Work instructions
Copy out the data below, all of it, exactly.

(Stored records)

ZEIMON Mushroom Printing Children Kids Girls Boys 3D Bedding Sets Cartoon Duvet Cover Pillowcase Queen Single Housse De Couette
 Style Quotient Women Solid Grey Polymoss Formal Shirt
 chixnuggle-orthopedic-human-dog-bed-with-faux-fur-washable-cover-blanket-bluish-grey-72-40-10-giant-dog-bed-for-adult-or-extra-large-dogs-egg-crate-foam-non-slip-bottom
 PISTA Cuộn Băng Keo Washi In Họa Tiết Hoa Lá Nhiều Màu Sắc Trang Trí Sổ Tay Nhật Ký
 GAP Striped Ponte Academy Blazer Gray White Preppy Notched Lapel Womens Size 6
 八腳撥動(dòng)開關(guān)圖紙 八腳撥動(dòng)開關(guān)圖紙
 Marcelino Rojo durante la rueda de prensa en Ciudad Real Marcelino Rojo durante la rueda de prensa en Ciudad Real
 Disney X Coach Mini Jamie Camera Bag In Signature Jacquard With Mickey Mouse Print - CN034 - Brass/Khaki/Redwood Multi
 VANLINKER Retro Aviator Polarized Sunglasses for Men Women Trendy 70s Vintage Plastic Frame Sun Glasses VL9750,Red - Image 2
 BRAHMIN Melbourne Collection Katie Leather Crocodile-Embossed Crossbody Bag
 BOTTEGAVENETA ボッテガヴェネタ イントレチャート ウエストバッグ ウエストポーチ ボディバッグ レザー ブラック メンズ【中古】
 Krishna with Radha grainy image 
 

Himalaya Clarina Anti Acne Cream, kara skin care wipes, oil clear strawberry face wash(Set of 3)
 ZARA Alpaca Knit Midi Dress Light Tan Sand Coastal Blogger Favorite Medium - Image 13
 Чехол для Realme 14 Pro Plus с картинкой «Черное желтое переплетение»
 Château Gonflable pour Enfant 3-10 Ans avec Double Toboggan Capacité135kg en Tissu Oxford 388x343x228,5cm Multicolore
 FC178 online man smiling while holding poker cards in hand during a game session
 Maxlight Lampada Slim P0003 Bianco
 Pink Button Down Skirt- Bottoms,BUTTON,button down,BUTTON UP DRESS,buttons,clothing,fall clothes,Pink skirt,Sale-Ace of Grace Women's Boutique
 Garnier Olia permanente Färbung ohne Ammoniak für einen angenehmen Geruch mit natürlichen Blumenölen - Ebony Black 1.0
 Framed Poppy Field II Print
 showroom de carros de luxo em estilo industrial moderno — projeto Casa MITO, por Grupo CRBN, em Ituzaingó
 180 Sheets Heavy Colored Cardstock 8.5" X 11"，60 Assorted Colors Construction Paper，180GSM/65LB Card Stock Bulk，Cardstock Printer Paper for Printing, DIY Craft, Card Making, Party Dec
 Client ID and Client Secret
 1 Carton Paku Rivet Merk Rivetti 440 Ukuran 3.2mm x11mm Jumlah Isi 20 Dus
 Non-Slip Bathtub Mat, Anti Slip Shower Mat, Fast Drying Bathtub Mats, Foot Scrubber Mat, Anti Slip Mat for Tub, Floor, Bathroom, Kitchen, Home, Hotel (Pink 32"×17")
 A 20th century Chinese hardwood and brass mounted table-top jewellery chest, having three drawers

The answer
ZEIMON Mushroom Printing Children Kids Girls Boys 3D Bedding Sets Cartoon Duvet Cover Pillowcase Queen Single Housse De Couette
 Style Quotient Women Solid Grey Polymoss Formal Shirt
 chixnuggle-orthopedic-human-dog-bed-with-faux-fur-washable-cover-blanket-bluish-grey-72-40-10-giant-dog-bed-for-adult-or-extra-large-dogs-egg-crate-foam-non-slip-bottom
 PISTA Cuộn Băng Keo Washi In Họa Tiết Hoa Lá Nhiều Màu Sắc Trang Trí Sổ Tay Nhật Ký
 GAP Striped Ponte Academy Blazer Gray White Preppy Notched Lapel Womens Size 6
 八腳撥動(dòng)開關(guān)圖紙 八腳撥動(dòng)開關(guān)圖紙
 Marcelino Rojo durante la rueda de prensa en Ciudad Real Marcelino Rojo durante la rueda de prensa en Ciudad Real
 Disney X Coach Mini Jamie Camera Bag In Signature Jacquard With Mickey Mouse Print - CN034 - Brass/Khaki/Redwood Multi
 VANLINKER Retro Aviator Polarized Sunglasses for Men Women Trendy 70s Vintage Plastic Frame Sun Glasses VL9750,Red - Image 2
 BRAHMIN Melbourne Collection Katie Leather Crocodile-Embossed Crossbody Bag
 BOTTEGAVENETA ボッテガヴェネタ イントレチャート ウエストバッグ ウエストポーチ ボディバッグ レザー ブラック メンズ【中古】
 Krishna with Radha grainy image 
 

Himalaya Clarina Anti Acne Cream, kara skin care wipes, oil clear strawberry face wash(Set of 3)
 ZARA Alpaca Knit Midi Dress Light Tan Sand Coastal Blogger Favorite Medium - Image 13
 Чехол для Realme 14 Pro Plus с картинкой «Черное желтое переплетение»
 Château Gonflable pour Enfant 3-10 Ans avec Double Toboggan Capacité135kg en Tissu Oxford 388x343x228,5cm Multicolore
 FC178 online man smiling while holding poker cards in hand during a game session
 Maxlight Lampada Slim P0003 Bianco
 Pink Button Down Skirt- Bottoms,BUTTON,button down,BUTTON UP DRESS,buttons,clothing,fall clothes,Pink skirt,Sale-Ace of Grace Women's Boutique
 Garnier Olia permanente Färbung ohne Ammoniak für einen angenehmen Geruch mit natürlichen Blumenölen - Ebony Black 1.0
 Framed Poppy Field II Print
 showroom de carros de luxo em estilo industrial moderno — projeto Casa MITO, por Grupo CRBN, em Ituzaingó
 180 Sheets Heavy Colored Cardstock 8.5" X 11"，60 Assorted Colors Construction Paper，180GSM/65LB Card Stock Bulk，Cardstock Printer Paper for Printing, DIY Craft, Card Making, Party Dec
 Client ID and Client Secret
 1 Carton Paku Rivet Merk Rivetti 440 Ukuran 3.2mm x11mm Jumlah Isi 20 Dus
 Non-Slip Bathtub Mat, Anti Slip Shower Mat, Fast Drying Bathtub Mats, Foot Scrubber Mat, Anti Slip Mat for Tub, Floor, Bathroom, Kitchen, Home, Hotel (Pink 32"×17")
 A 20th century Chinese hardwood and brass mounted table-top jewellery chest, having three drawers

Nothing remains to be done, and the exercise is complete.